Bihar Administrative Service (BAS)

Service Overview
- Founded: 1 April 1949
- State: Bihar
- Staff College: Bihar Institute of Public Administration and Rural Development, Patna, Bihar
- Cadre Controlling Authority: General Administration Department, Government of Bihar
- Minister Responsible: Samrat Chaudhary, Chief Minister of Bihar and Minister of General Administration Department
- Legal Personality: Governmental: Civil Service
- Current Cadre Strength: 1634 members
- Selection: Bihar Public Service Commission (BPSC) - Combined Competitive Examination (CCE)
- Association: Bihar Administrative Service Association (BASA)
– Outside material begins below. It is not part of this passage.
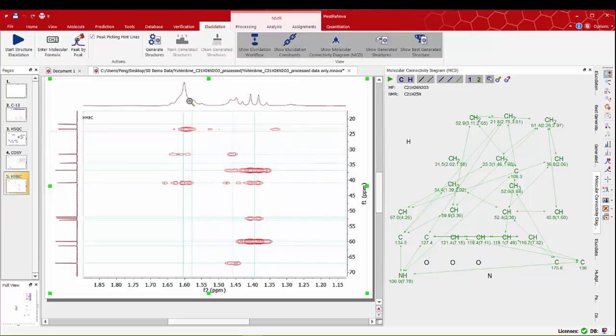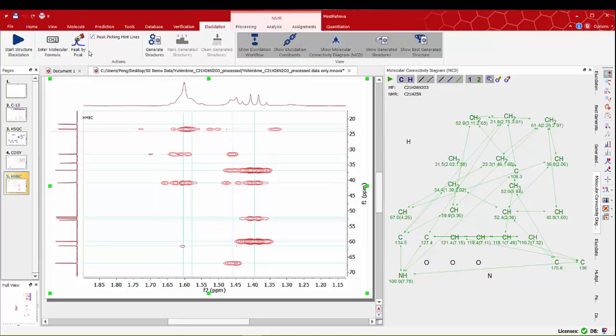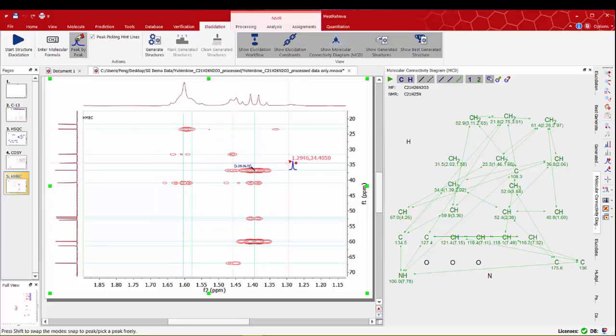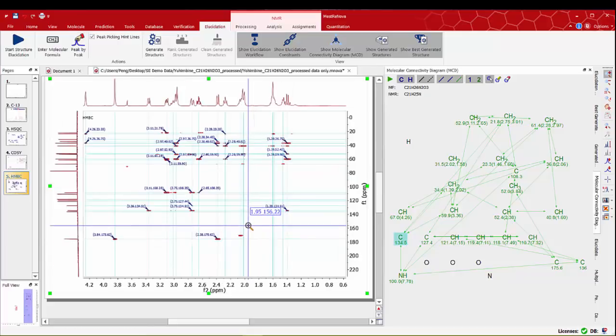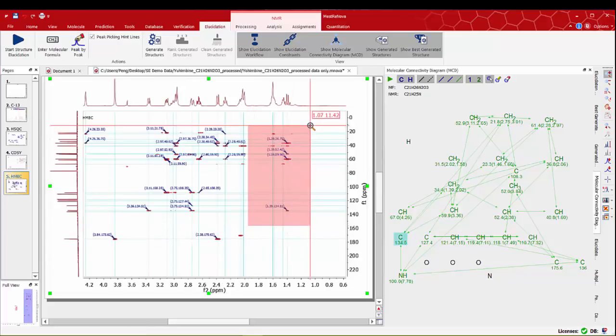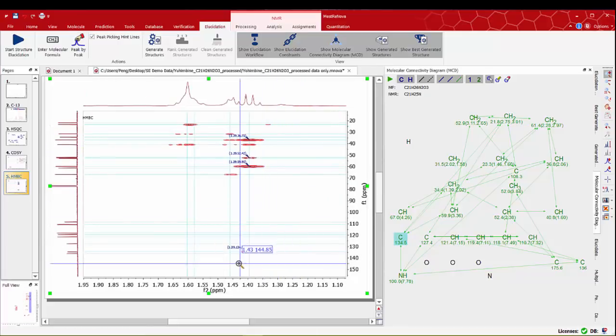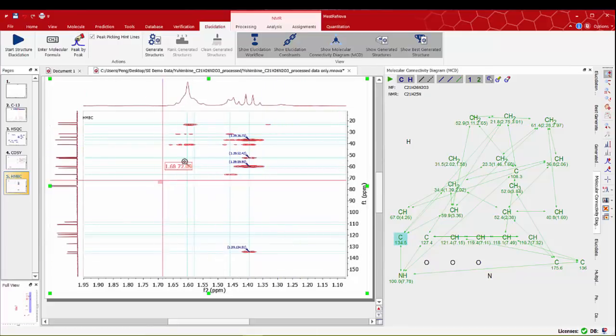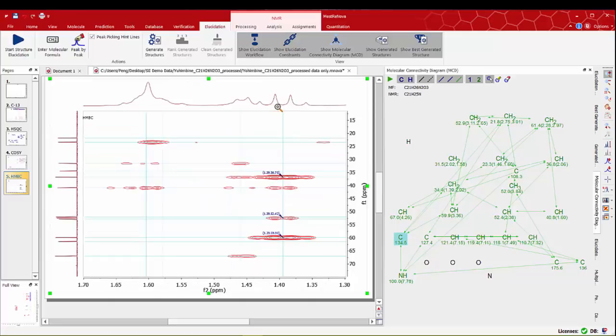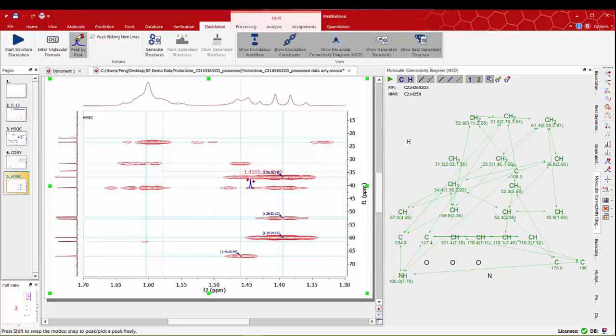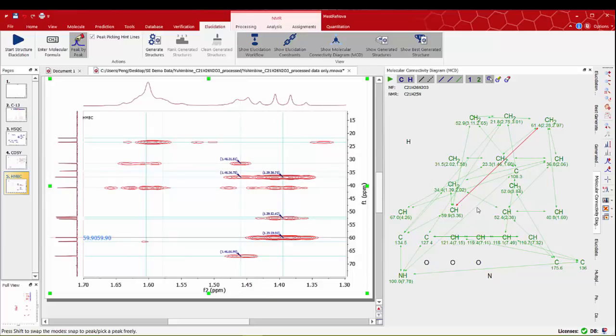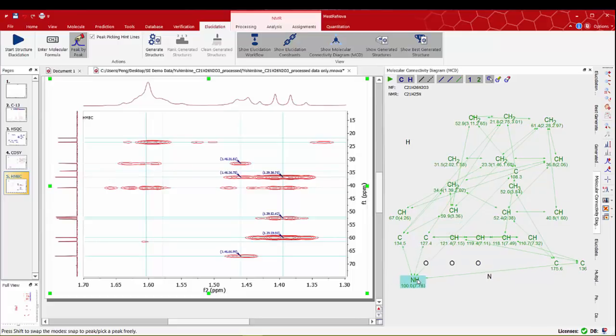There is a final region in the spectra where we can see again a problematic group of protons. We can do peak picking in some of the correlations here with some confidence. We can see some more CH groups interconnected on the MCD panel. Also including NH we manually defined in the earlier connected to some of the carbon atoms.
Head of the State Civil Services
- Chief Secretary: Pratyaya Amrit, IAS
- Principal Secretary (GAD): B Rajendra, IAS

= Bihar Administrative Service =

Indian state civil service

Bihar Administrative Service, often abbreviated to as BAS, is the administrative civil service of the Government of Bihar comprising Group A and Group B posts. It is also the feeder service for Indian Administrative Service in the state.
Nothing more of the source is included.